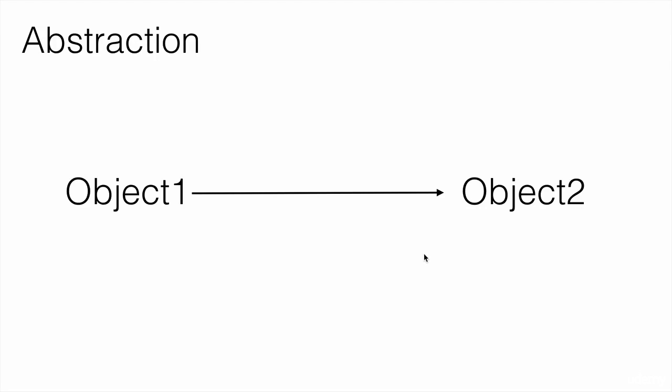What is abstraction? Abstraction is the principle of hiding all the unnecessary details of an object and showing only the essential features that the other objects need in order to communicate with that object.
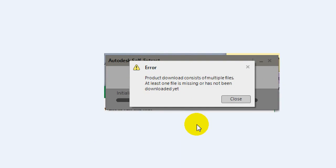At least one file is missing or has not been downloaded yet. Maybe you are also facing that problem — that's why you're here. This is actually a simple problem, but it's making us very tense. I'll solve that problem within a minute. Please do not skip any second of this video, because if you skip, you might miss the most important update and face that problem.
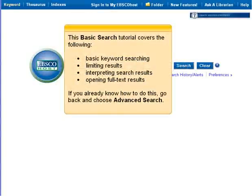This basic search tutorial covers the following: basic keyword searching, limiting results, interpreting search results, and opening full-text results. If you already know how to do this, go back and choose Advanced Search.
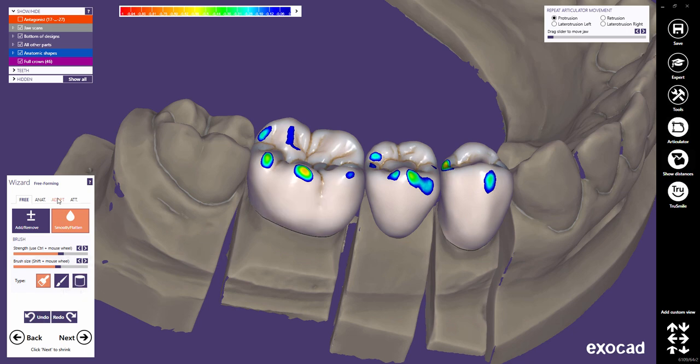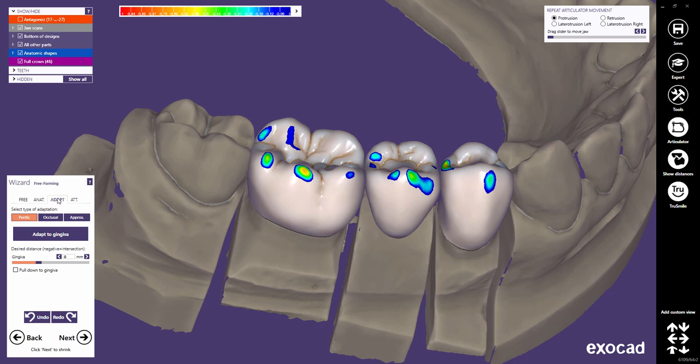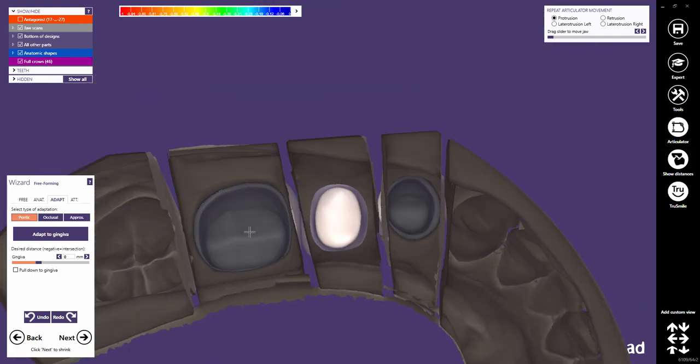Let us now switch to the Adapt tab — another very important tab in the free-forming dialog. Here, you can adapt the pontic to the gingiva, the occlusion, and the approximate contact points. Note that if you proceed to the next step in the wizard without having performed the adaptation, a hint will remind you to perform this step. By default, the adapt step starts with the adaptation of the pontics to the gingiva. In all adaptations, you can define a desired distance by using the slider or by typing in a value. Zero means full contact; a negative value allows intersections, and a positive value creates a gap. You can check Pull Down to Gingiva if the pontic is not in contact with the gingiva. In our case, we don't need that option. Click Adapt to Gingiva to perform the adaptation.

PROBLEM TO SOLVE:
Print the complete listing exactly as it stands, without its pictures.

ANSWER TO THE PROBLEM:
What is abstraction? Abstraction is the principle of hiding all the unnecessary details of an object and showing only the essential features that the other objects need in order to communicate with that object.
At least one file is missing or has not been downloaded yet. Maybe you are also facing that problem — that's why you're here. This is actually a simple problem, but it's making us very tense. I'll solve that problem within a minute. Please do not skip any second of this video, because if you skip, you might miss the most important update and face that problem.
This basic search tutorial covers the following: basic keyword searching, limiting results, interpreting search results, and opening full-text results. If you already know how to do this, go back and choose Advanced Search.
Let us now switch to the Adapt tab — another very important tab in the free-forming dialog. Here, you can adapt the pontic to the gingiva, the occlusion, and the approximate contact points. Note that if you proceed to the next step in the wizard without having performed the adaptation, a hint will remind you to perform this step. By default, the adapt step starts with the adaptation of the pontics to the gingiva. In all adaptations, you can define a desired distance by using the slider or by typing in a value. Zero means full contact; a negative value allows intersections, and a positive value creates a gap. You can check Pull Down to Gingiva if the pontic is not in contact with the gingiva. In our case, we don't need that option. Click Adapt to Gingiva to perform the adaptation.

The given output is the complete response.